The elevator switch is a perfect example:
Jews are not allowed to “do work” on the sabbath and holy days.
You would think that taking the elevator to the 12th floor with the simple press of a button would be less work than walking up the stairs… But you’d be wrong.
In Judaism, Work is creating something new that wasn’t before, or carrying things outside or into the house. And everything was fine until electricity came along:
Flipping a switch sure is easy, but making a lightbulb turn on, creates light, which is new, which is work, which is forbidden on sabbath and holy days.
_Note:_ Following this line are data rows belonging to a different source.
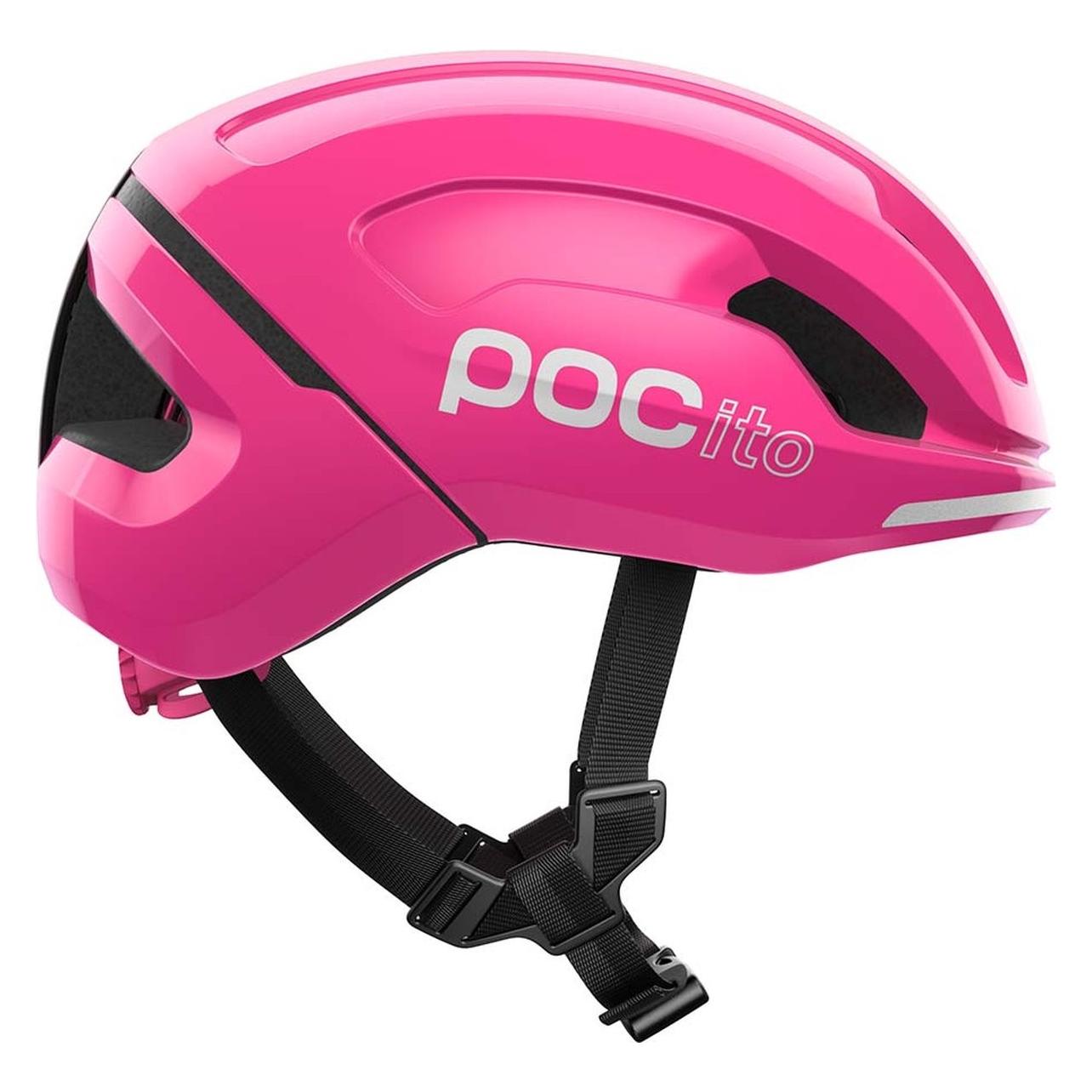 Poc Pocito Omne MIPS (48 - 52 cm) (PC107369085XSM1)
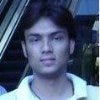 dilipprajapati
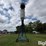 2019-brandt-1037a-hp-10"x37'-truck-auger-image-6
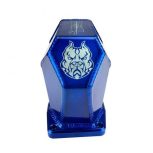 Sinister Diesel Hexagon Intake Elbow (SDINTEL60HEX) for 2003-2007 Powerstroke 6.0L - Image 2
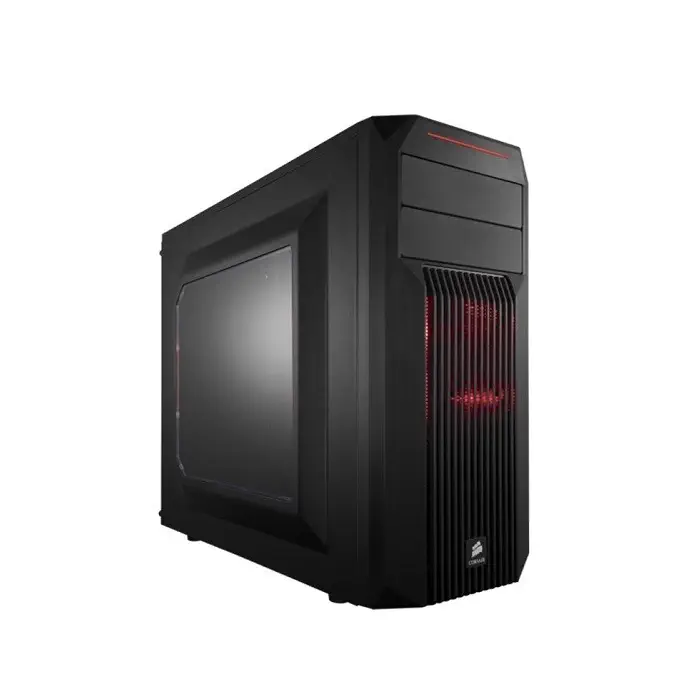 Corsair Carbide Serisi SPEC-02 CC-9011051-WW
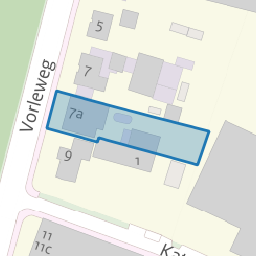 Perceel MIL00-D-2169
So light timers were implemented, and suddenly it’s not work to make the light turn on when it gets dark on Friday, because the work was done before sabbath… And everything was fine, until one Jew learned how electronics work:
So now, in order to comply with the spirit of the law of not working on sabbath and holy days, they stick to the strict letter of the law that forbids them from creating something new, and they’re avoiding anything electronic because in order to affect an electronic controlled anything, the pressing of the button closes an electric circuit, which is creating something new, which is forbidden on sabbath and holy days.
And so they invest time, money and effort to create “reversed” electronics, in which the electronic circuits are always closed, and the activation of the controller is done by breaking said closed circuits, which is allowed on sabbath and holy days.
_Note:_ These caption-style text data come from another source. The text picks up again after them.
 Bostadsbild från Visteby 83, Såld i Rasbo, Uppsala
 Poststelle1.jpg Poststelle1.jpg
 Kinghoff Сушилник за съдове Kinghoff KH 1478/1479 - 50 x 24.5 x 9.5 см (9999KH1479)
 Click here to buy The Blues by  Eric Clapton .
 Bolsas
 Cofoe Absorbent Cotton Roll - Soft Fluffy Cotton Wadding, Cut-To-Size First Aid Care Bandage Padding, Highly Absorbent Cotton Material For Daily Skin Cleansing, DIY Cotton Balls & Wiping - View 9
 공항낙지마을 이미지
Also, women sinning half as much is actually quite close to reality (or whatever those people do… LARPing?), because according to Judaism, women have less religious obligations by way of the religion’s OCD and learning the minutiae of centuries and millennia old arguments about meaningless or stupid things (like what did god mean by this portion of text, or who own the calf that one’s cow birthed into the womb of another’s cow, which in turn birthed it back out), so they have lower chances of sinning.
This is also how they justify the religion’s misogyny: by arguing that because women have less “divine” obligations, they have more earthly obligations. Like being a housewife, having a job to support her husband and kids, and be pregnant as often as possible… All at the same time.
Oh, the dropping chickens to the poor brought back memories of WKRP in Cincinnati comedy show which had one of their most known shows where they dropped turkey’s on people for thanksgiving. I’m almost laugh-crying at work that was so funny when I saw it (yeah, I’m old). “I thought turkey’s could fly!” “Oh the humanity!” So funny. Definitely watch if you get a chance (warning haven’t watched since I was a kid, and nostalgia is a bitch, but in my mind, it’s funny). I’ll try to watch it too.